Совмещение «девичьей» оптики и декораций МГУ производит некоторый сдвиг акцентов в составляющих самого образа МГУ и «высотки»: «на лестницах не живут / там только курят, ссорятся или целуются», да и все эти комнаты, коридоры, скамейки, части ландшафта, да и собственно студенческая и научная жизнь оказываются как будто созданными не для науки, а для любви.
В существующих критических высказываниях о романе неизменно делается акцент на времени, в которое происходит действие романа, — по мнению одних критиков, «это смелый и чистый эксперимент описания времени через себя, максимально отстранившись от расхожих представлений о времени» [3] , другие же скорее недовольны тем, что «время в данном случае — лишь полигон для событий» [4] . На мой взгляд, время при выбранном способе описания, где избыточность деталей — элемент формы, а не результат невладения техникой письма (там, где детали не «работают» на выбранную тематику, автор успешно ограничивается как бы мимоходом брошенным замечанием), время и не может быть ничем, кроме достаточно условной рамки — идеально подходящей к триаде «свобода — студенческая жизнь — любовь», но все-таки рамки, подобно тому как сутки становятся формальной рамкой в «Улиссе».
Роман Екатерины Завершневой — интересный стилистический эксперимент в условиях современной поляризации трех «полей» русской прозы.

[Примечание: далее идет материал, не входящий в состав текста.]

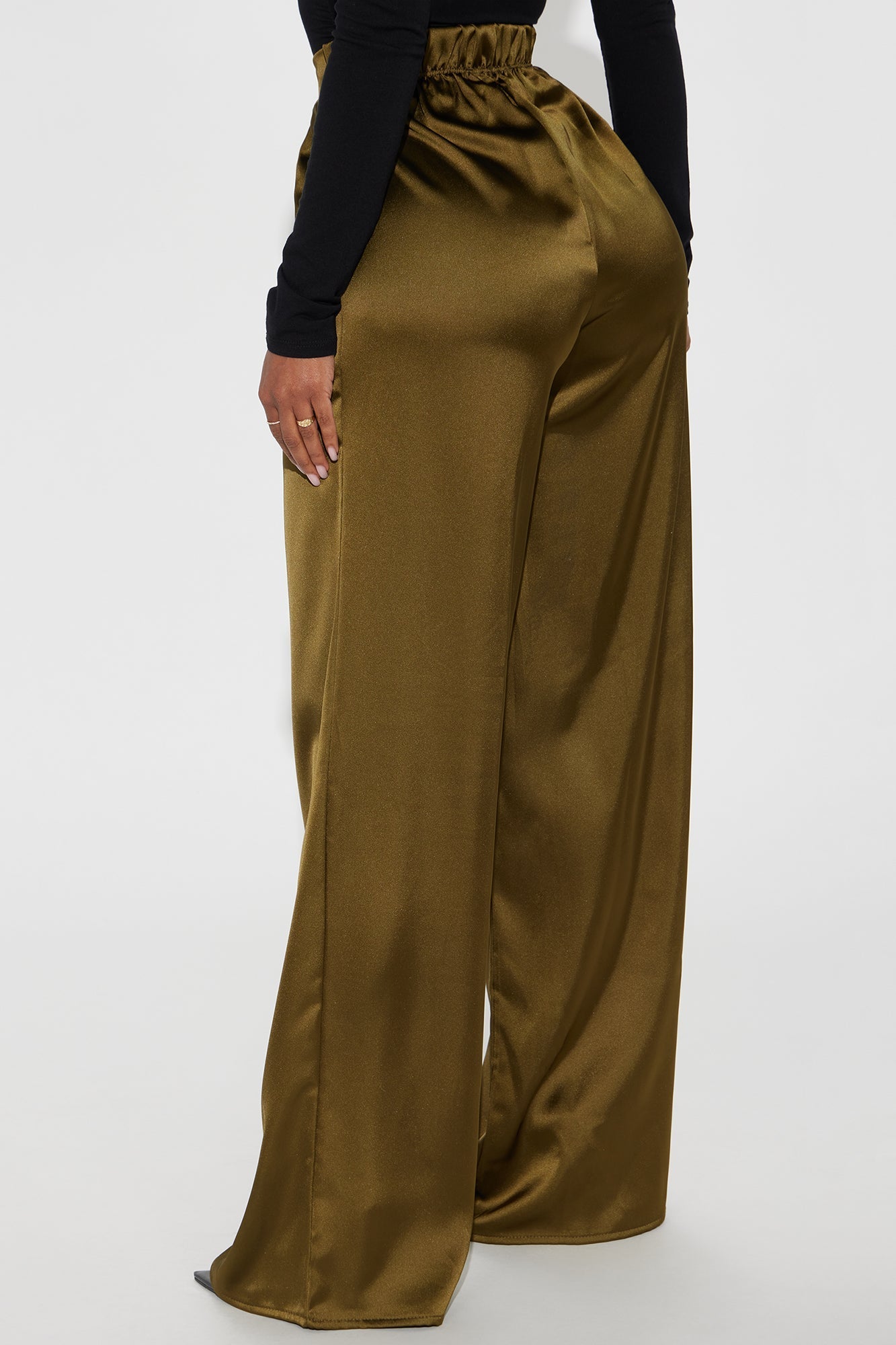 Tone It Down Satin Trouser - Olive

Обозначим их условно как поля «толстожурнальное» и «неформатное» (в своем интервью Павлу Настину Завершнева называет эти разновидности прозы «реалистической» и «экспериментальной» — с определением «реалистическая» можно спорить, но, так или иначе, единой терминологии нет), и «популярная», «массовая» проза. «Высотка» — опыт эклектики, где prosepoetry и верлибр соседствуют с повествованием, подчиненным сюжету, и где без какого-либо перехода появляются яркие до броскости элементы, которыми «брезгуют» как «неформатная», так и «толстожурнальная» проза. На микроуровне стилистики это — игра, где автор то бомбардирует читателя аллюзиями и реминисценциями, то имитирует простоту и неуклюжесть наивного повествователя.
Голосом автора чаще всего вытесняется голос рассказчика — лирической героини в фрагментах, написанных верлибром; именно в них дистанция между автором и лирической героиней выстраивается не на основе иронии, а благодаря возможности появления лирического субъекта, не тождественного персонажу Асе Зверевой. Это связано еще и с появлением дистанции временной — автор уходит от повествования о том, что происходило в конкретное время в известном месте, оптика участника событий заменяется оптикой припоминающего и включающего основной событийный ряд в широкий контекст прошлого:
бабушка рассказывала
как мой дед, польский офицер
и она, снайпер женского батальона
познакомились в мае сорок пятого
аккордеон, вальс «Голубой Дунай»
кипенно-белая черемуха
очумелые соловьи [5]
Соединение верлибра и прозаического текста и раньше использовалось Екатериной Завершневой, но в «Высотке» особенный контраст достигается при переходах между голосом автора и голосами персонажей, когда после лирического фрагмента следует, например: «Вот и получается — пробки перегорели. Стэк оверфлоу. Ничего, заменим. Выспимся хотя бы одну ночь — и заменим… Короче, позвонишь, как прочухаешься».